- Born: August 15, 1925 Rexburg, Idaho
- Died: December 29, 2023 (aged 98) Irvine, California
- Occupation: Social Sciences Professor at University of California, Irvine
- Years active: (1969 – 1995)
- Spouse: Afton Romaine Barber ​ ​(m. 1945; died 2022)​
- Children: 5
- Relatives: Romney family

Academic work
- Discipline: Anthropologist
- Sub-discipline: Cognitive anthropology

= A. Kimball Romney =

American anthropologist (1925–2023)

Antone Kimball Romney (August 15, 1925 – December 29, 2023) was an American social sciences professor and one of the founders of cognitive anthropology. He spent most of his career at the University of California, Irvine.

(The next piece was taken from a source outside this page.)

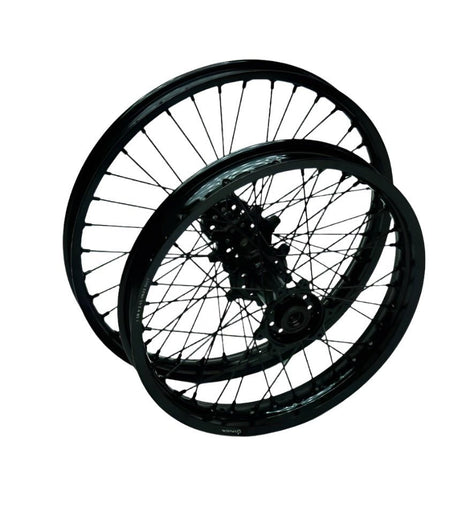 Sur Ron Ultra Bee Wheels and Tyres - EVFREAKS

==Early life and education==
Romney was born in Rexburg, Idaho on August 15, 1925 to Antone Kimball Romney and Gretta Parkinson Romney. He received his B.A. from Brigham Young University (1947) in sociology, his M.A. from Brigham Young University (1948) also in sociology, and his Ph.D. from Harvard University (1956) in Social Anthropology from the Social Relations Department.

== Professional Career ==
From 1955 to 1956, Romney was an assistant professor at the University of Chicago. From 1957 to 1960 he was an assistant professor at Stanford University. From 1960 to 1966, he was an associate professor at Stanford University. From 1960 to 1965 he was the director of anthropological research at Stanford University. From 1966 to 1968 he was a professor at Harvard University. From 1969 to 1971, he was the dean of the School of Social Sciences at the University of California, Irvine. From 1969 to 1995, he was a professor at University of California, Irvine. From 1995, he was a research professor at University of California, Irvine. From 1956 to 1957 he was a fellow at the Center for Advanced Study in the Behavioral Sciences Department at Stanford. From 1994, he was a fellow at the American Academy of Arts and Sciences. From 1995, he was a member of the National Academy of Sciences.

== Personal life and death ==
Romney married Afton Romaine Barber on June 30, 1945, in Denver, Colorado. Together, they had 5 children. Romaine died in Irvine, California on December 27, 2022, at the age of 97. Romney died in Irvine, California on December 29, 2023 at the age of 98.